In a second set of cases, inmates argued that a federal law protecting religious liberty allowed spiritual advisers to attend and observe executions.

In one such case last year, the Supreme Court let stand a ruling that halted the execution of an Alabama inmate, Willie B. Smith III, a Christian, unless the state allowed his pastor to be present.

“Alabama has not carried its burden of showing that the exclusion of all clergy members from the execution chamber is necessary to ensure prison security,” Justice Kagan wrote for four justices in a concurring opinion. “So the state cannot now execute Smith without his pastor present, to ease what Smith calls the ‘transition between the worlds of the living and the dead.’”

Mr. Ramirez’s case, Justice Kavanaugh wrote, represented a third kind of claim. “Ramirez not only wants a religious adviser in the execution room,” Justice Kavanaugh wrote. “He also wants the adviser to be able to engage in audible prayer and even to be able to physically touch him during the execution process.”

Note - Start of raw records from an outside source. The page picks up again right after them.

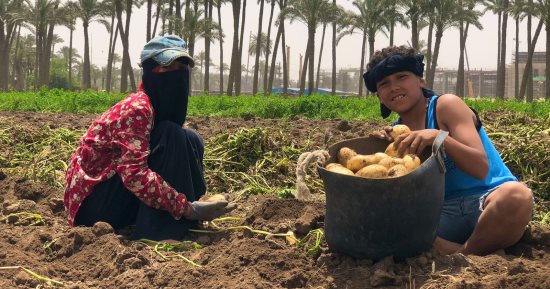 مصر تصدر 107 آلاف طن من البطاطس بقيمة 40 مليون دولار
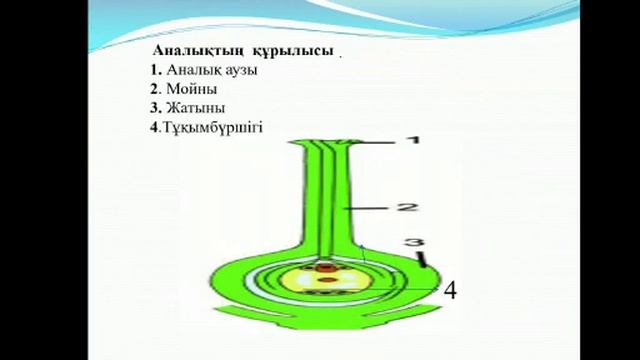 Сабақтың тақырыбы:"Гүл құрылысы. Тозаңдану түрлері. Гүлдеу және тозаңдану" смотреть онлайн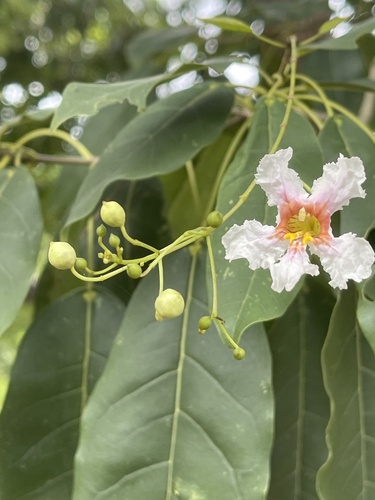 Catalpa longissima observed 2025-10-29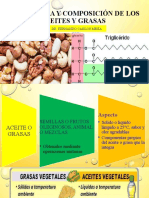 Estructura y Composición de Los Aceites y Grasas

Justice Kavanaugh concluded his opinion with some advice to state corrections systems.

“To avoid persistent future litigation and the accompanying delays,” he wrote, “it may behoove states to try to accommodate an inmate’s timely and reasonable requests about a religious adviser’s presence and activities in the execution room if the states can do so without meaningfully sacrificing their compelling interests in safety, security and solemnity.”

“Doing so,” he wrote, “not only would help states avoid future litigation delays but also would serve the exceptionally powerful interests of victims’ families in finally obtaining closure.”